But the book wasn’t there.

I’d put the thing in a computer bag ages ago when we moved to the new house but that bag was oddly absent from the office. I checked all the drawers, the cupboards in the office and in the bedrooms, still nothing. I checked in the loft, still no sign.

It was then that I had a bolt of inspiration.

My author convention box is in the shed and I think that the bag will have found it’s way in there so off I went and moved stuff around to get into the box. The bag wasn’t there either. Had I put it in my other computer bag? Checked, and still no.

I was stuck until my wife suggested looking in the drawers again, saying that she thought she’d seen the thing in one.

I checked, being the dutiful husband but had already looked through there so wasn’t holding out much hope.

But there it was.

My notebook was sat there looking relaxed and rested and I was beyond relived to find it.
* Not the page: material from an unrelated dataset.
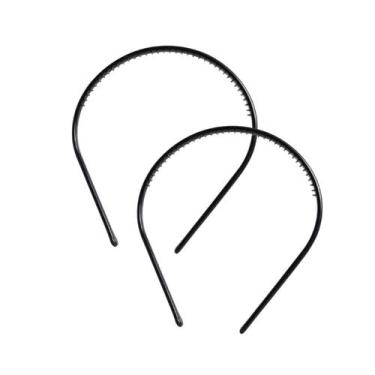 Imagem de Kit 12 Tiaras Arco c/ Dentinhos Masculino/ Feminino Plástico - Genéric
My wife laughed at me for not finding it the first time I’d gone through the drawers and I deserved it, but I think I know why I’d missed it.

I’d been looking for the bag which had the book in it, I hadn’t been looking for the book.
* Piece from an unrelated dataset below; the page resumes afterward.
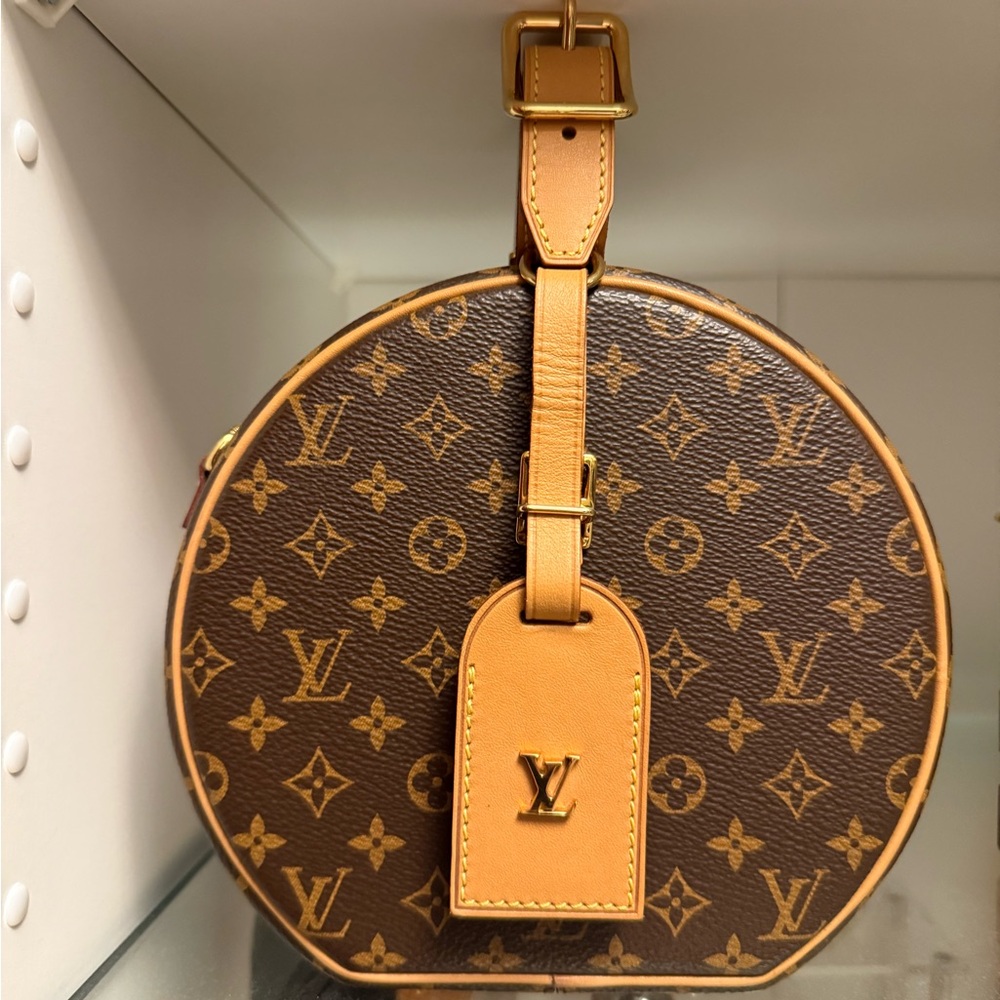 Louis Vuitton Petite Boite Chapeau Monogram Coated Canvas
I’d been looking for specific features on the object of the hunt and those features weren’t that of the notebook, so I’d looked directly at the thing I was after but because I’d placed an assumption into my thought process of where the answers were I just blazed past it. I was looking everywhere for something which looked a certain way but the thing didn’t look like that. I was never going to find the book until I realised that my starting point of how I was building my search was wrong.

I found that the bag I was aiming for was empty and that made me re-evaluate my search parameters but I didn’t return to the start of my search process and kick off again. I’d already looked in the drawer before and nothing I was after was there so I again assumed.

We all do it.

We make judgements all the time about the world around us and our assumptions of what is could very well build a world view that’s stilted against reality. We start thinking a certain way and then build on that idea so we can start ourselves off on a very weird path.
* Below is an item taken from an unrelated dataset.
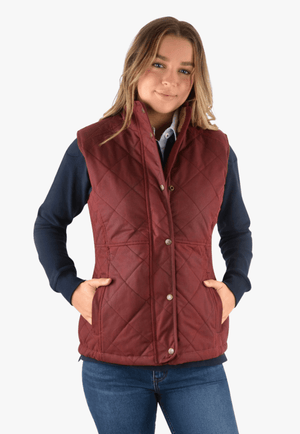 Thomas Cook CLOTHING-Womens Vests Thomas Cook Womens Hazelbrooke Oilskin Vest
As an author, assumptions are a great thing because we can use them to steer the reader away from the real facts and create a huge twist with the reveal. If we play on the assumptions of the reader well, that reveal is the stuff of Sixth Sense, so it’s something that authors are all looking exploit.

Just remember everyone, that assumptions happen to all of us but in the real world, that reveal could have a much greater resonance than simply misplacing a notebook.

Stay Safe all.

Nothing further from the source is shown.